__Activity__. Each line from the one containing "Art Deco Bronze Taenzerin Dame" through the last line of the data below should be printed exactly, please, with any pictures omitted.

__Information shown__.
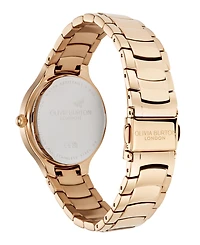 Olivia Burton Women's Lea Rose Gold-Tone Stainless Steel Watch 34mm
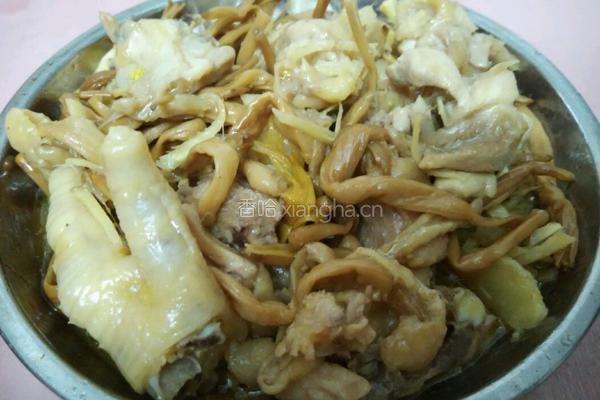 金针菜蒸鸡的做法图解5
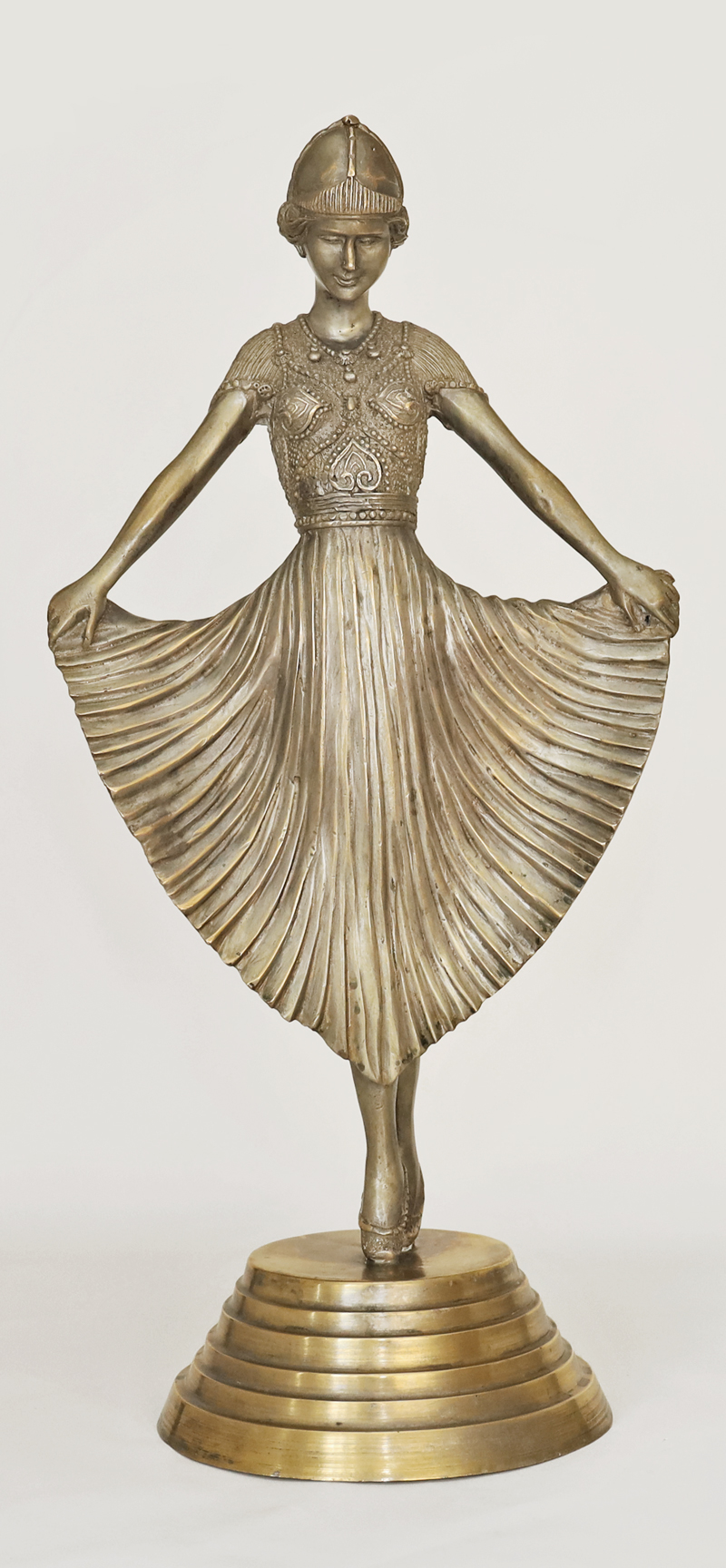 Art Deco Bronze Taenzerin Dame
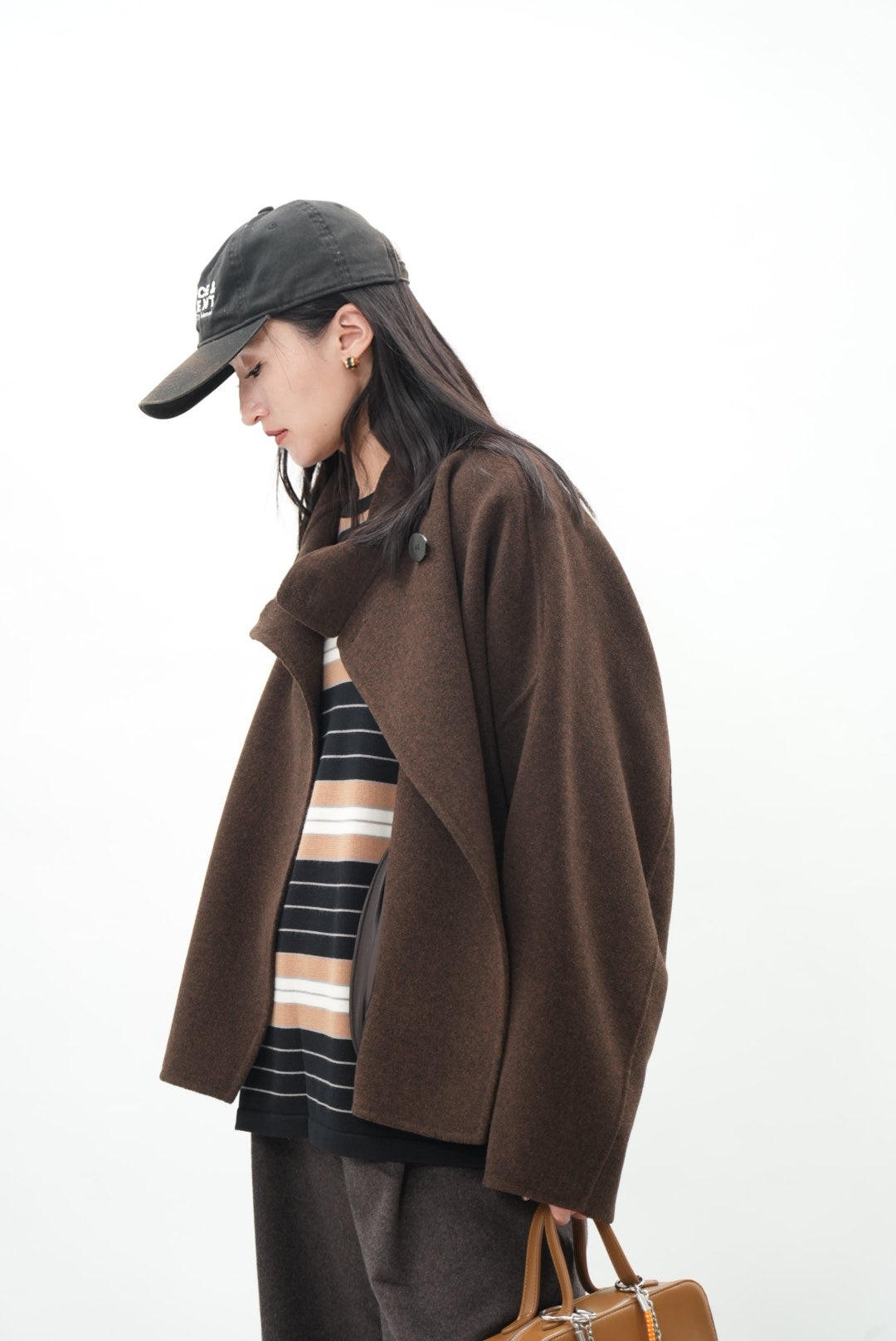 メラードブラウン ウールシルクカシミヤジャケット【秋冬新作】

__Answer__.
 Art Deco Bronze Taenzerin Dame
 メラードブラウン ウールシルクカシミヤジャケット【秋冬新作】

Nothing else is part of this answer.